Weirdly enough, Lemmy has one appearance over his siblings; he makes a cameo in the Super Scope 6 game LazerBlazer, released in 1992.

 
 

63: The Koopalings’ individual names originated in the English localization of Super Mario Bros. 3.

For reasons I can’t understand, the Japanese version of Super Mario Bros. 3 did not name the Koopalings. That seems like a missed opportunity, honestly, and subsequent to the arcade era, I can’t think of another major or even minor Super Mario character not being given some kind of official name. But when the localization team wrote the English version of the game’s instruction manual, they gave the seven the names they all have today.

 
 

And when the Koopalings were featured again in Super Mario World, they retained their western names in the original Japanese version — at least in part.

From the Japanese instruction manual:

Note that is just Larry and not Larry Koopa, again because the Koopa branding does not exist in Japan. And the ones who had extra bits in their names — Morton Koopa Jr., Wendy O. Koopa and Ludwig von Koopa — also lost those. And this is reflected in the Japanese version of the end credits, where they all just have first names and nothing else.

I’m guessing the Koopalings’ names came late in the localization of Super Mario Bros. 3, however. They’re not programmed into the actual game in any way, and they could have been written into the manual at the last possible minute. This is likely why the versions of the characters appearing in the DiC cartoon adaptation — the awkwardly titled The Adventures of Super Mario Bros. 3 — have different names. The cartoon started airing Sept. 8, 1990, just seven months after Super Mario Bros. 3 hit shelves in North America, and so the people making the cartoon would have had to come up with their own names for the Koopalings, not knowing that Nintendo of America would make their own.

 

Left to right: Big Mouth, Bully Cheatsy, Kootie Pie, Hip, Hop and Kooky

 

64: There’s a lingering mystery about which Koopalings are inspired by Nintendo staffers.

Nintendo Power’s official guide for Super Mario World precedes the actual game maps with a celebration of Mario’s history so far. Titled Mario Mania, the publication includes an interview with Miyamoto in which he claims that the Koopalings were inspired by the members of the Super Mario Bros. 3’s design team.

As far as I know, this is a statement that’s never been followed up. The staffers credited in some kind of design function include Takashi Tezuka, Katsuya Eguchi, Hideki Konno, Kensuke Tanabe and Hiroyuki Kimura, which, yes, adds up to less than seven, and I’m not sure how that math should work out, but I’m sure someone who worked on SMB3 might now. And yeah, somewhere in Japan there is someone who knows that they were the inspiration for Wendy O. Koopa, and I feel like I need to know who this person is.

I’ve posted it on the wanted list, but no answers as of yet.

65: The Koopalings kick off the trend of naming Super Mario characters after musicians.

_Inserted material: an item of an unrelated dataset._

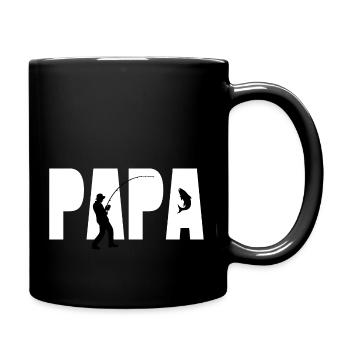 Papa Pêcheur - Mug uni - noir - Droite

The majority of the seven Koopalings are named after musicians and performers, and while some of these namesakes seem more obvious than others, it’s a naming trend that actually would start in Super Mario Bros. 3 and would include enemy characters who aren’t Koopalings.

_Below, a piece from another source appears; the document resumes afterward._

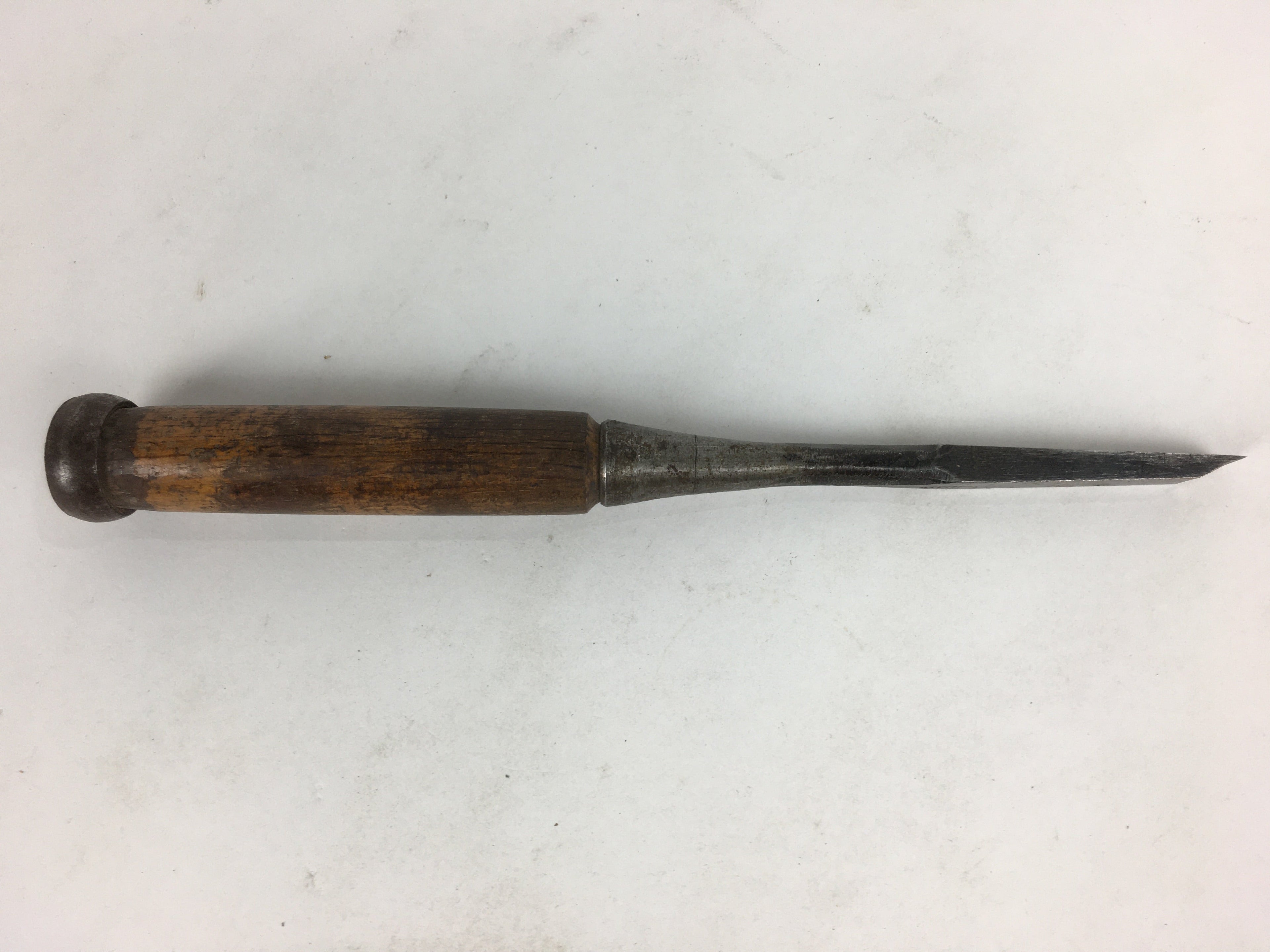 Japanese Chisel Nomi Carpentry Vtg Woodworking Tool 21.2 cm Blade 9 mm T237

During a 2015 interview with Kotaku, Dayvv Brooks recalled how he named most of the Koopalings after musicians. 

The hairstyle on one of them reminded me of Ludwig von Beethoven for some reason and Ludwig von Koopa was born. Next was the one with the glasses—that has to be Roy Koopa in homage to Roy Orbison, who almost always wore glasses. Then Wendy O. Koopa [was] Wendy O. Williams. Iggy Koopa [was] Iggy Pop. 

The occasion of the interview was the death of Lemmy Kilmister, frontman for Motörhead. Brooks said Lemmy Koopa embodied something of the rocker’s spirit.

That brings us to Lemmy. In addition to being a great name, it’s perfect for a video game character. This Koopaling struck me as being the kind of character who would do his own thing, no matter what anyone else thought. I think it was those crazy eyes. Lemmy Koopa was in the crew.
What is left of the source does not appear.